— WHAT THE TASK ASKS —
Every line below from the one with "[TRAY] TAICHI KAIZAWA (L) | AINU CRAFTS" through the one with "Image of the" is to be repeated exactly, with no picture among them.

— GIVEN ENTRIES —
################

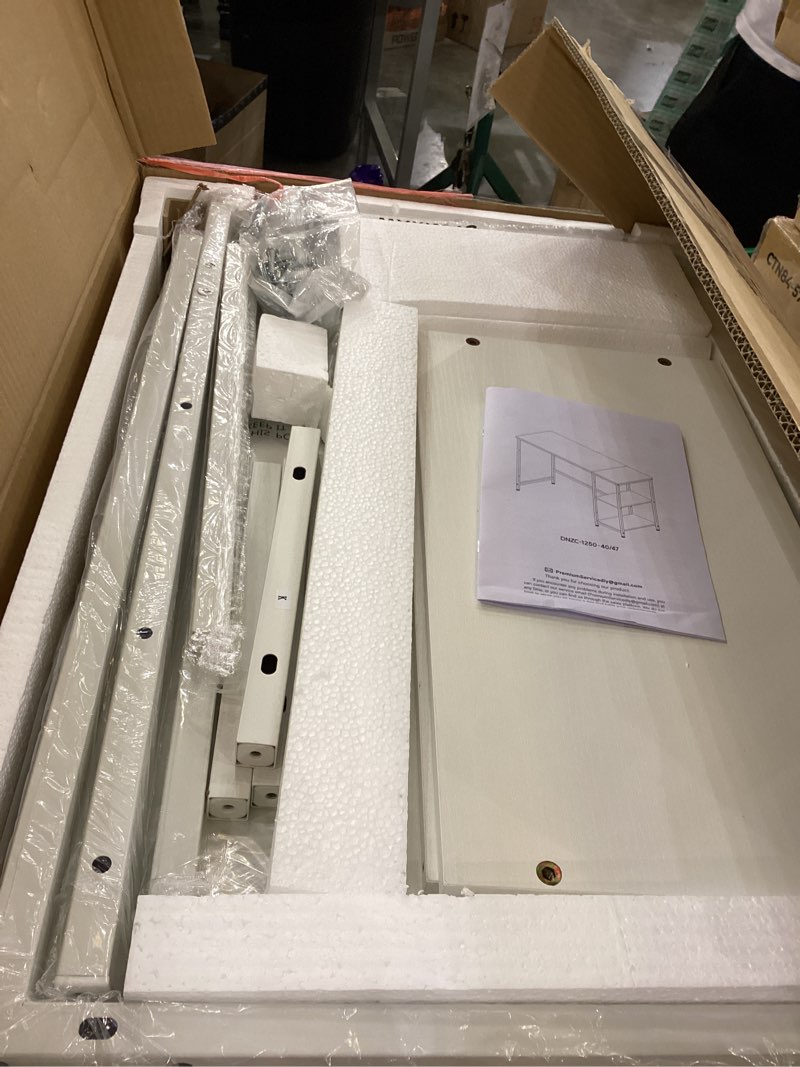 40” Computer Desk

################

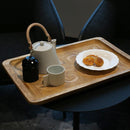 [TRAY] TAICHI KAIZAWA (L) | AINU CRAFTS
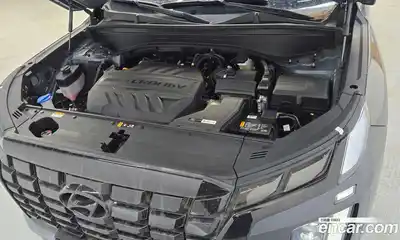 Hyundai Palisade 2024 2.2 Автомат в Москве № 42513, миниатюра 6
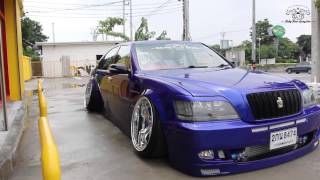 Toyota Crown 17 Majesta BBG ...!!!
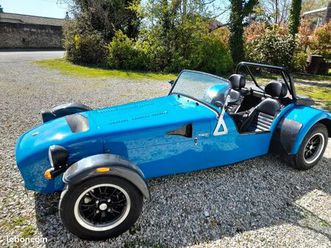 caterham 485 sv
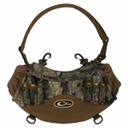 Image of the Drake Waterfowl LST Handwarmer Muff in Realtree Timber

################

— ANSWER AREA —
 [TRAY] TAICHI KAIZAWA (L) | AINU CRAFTS
 Hyundai Palisade 2024 2.2 Автомат в Москве № 42513, миниатюра 6
 Toyota Crown 17 Majesta BBG ...!!!
 caterham 485 sv
 Image of the Drake Waterfowl LST Handwarmer Muff in Realtree Timber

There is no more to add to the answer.